Your answer must be the exact lines below, starting with the line with "Đoàn xe chở" and going on through the line with "Ross Watson signing", both included, with no pictures.
Top of ENTRIES SHOWN
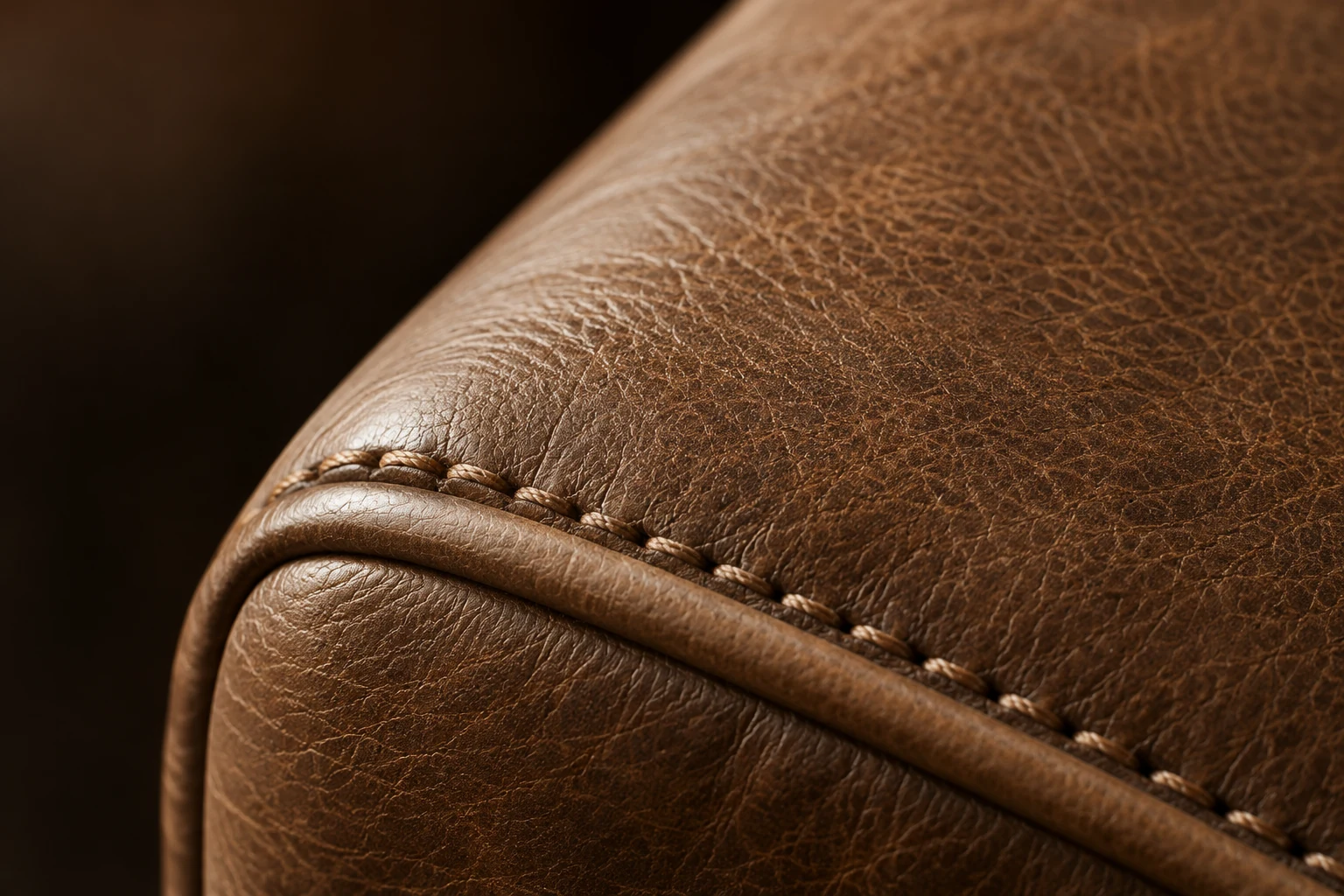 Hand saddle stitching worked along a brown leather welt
Bottom of ENTRIES SHOWN
Top of ENTRIES SHOWN
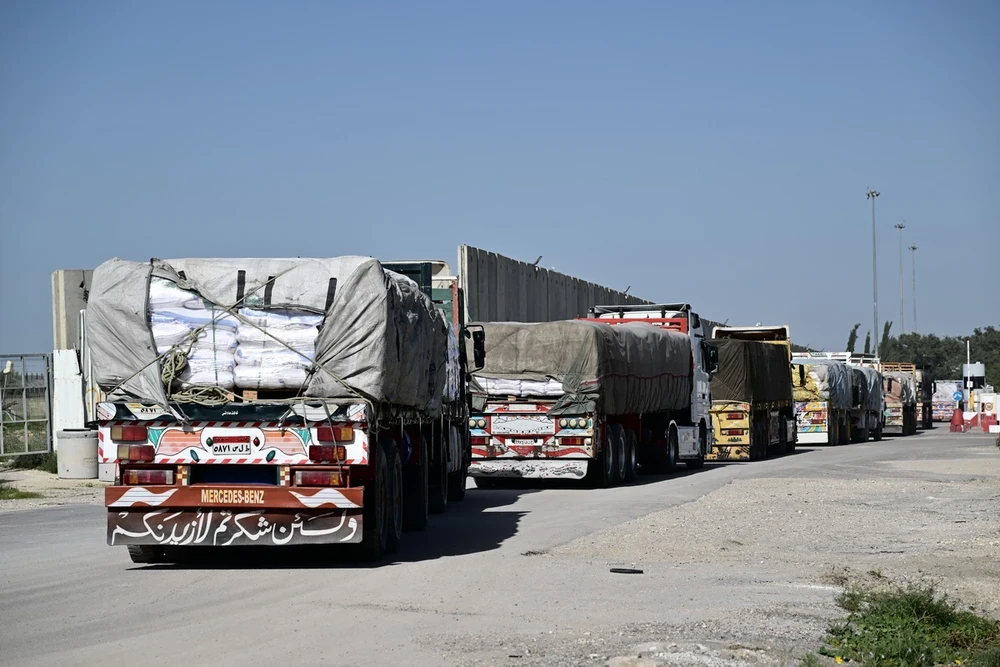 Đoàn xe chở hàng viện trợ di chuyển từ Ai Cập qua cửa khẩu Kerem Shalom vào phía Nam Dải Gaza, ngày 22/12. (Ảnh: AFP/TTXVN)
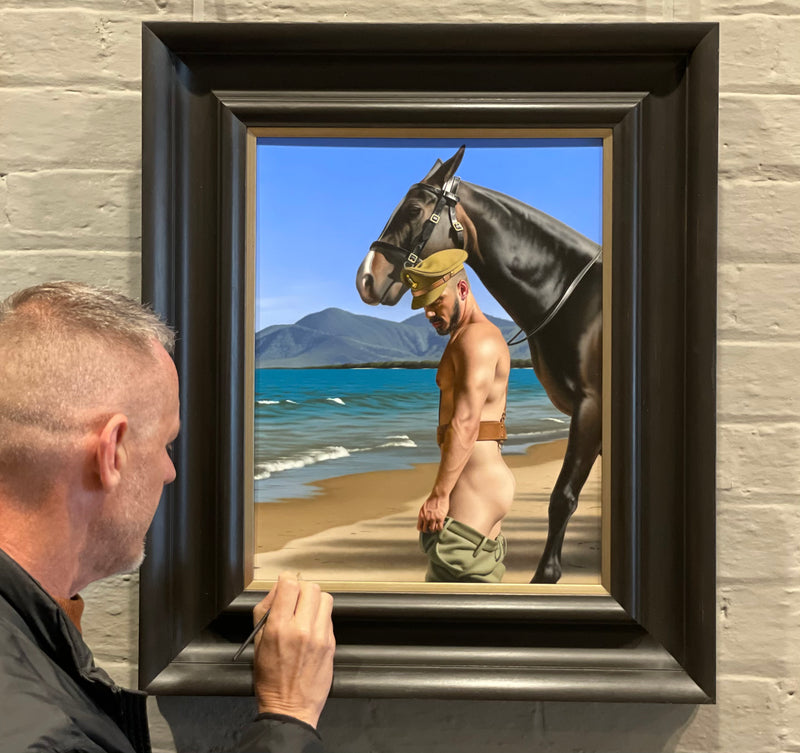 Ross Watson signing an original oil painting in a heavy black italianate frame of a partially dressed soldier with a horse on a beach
Bottom of ENTRIES SHOWN
OUTPUT BELOW:
 Đoàn xe chở hàng viện trợ di chuyển từ Ai Cập qua cửa khẩu Kerem Shalom vào phía Nam Dải Gaza, ngày 22/12. (Ảnh: AFP/TTXVN)
 Ross Watson signing an original oil painting in a heavy black italianate frame of a partially dressed soldier with a horse on a beach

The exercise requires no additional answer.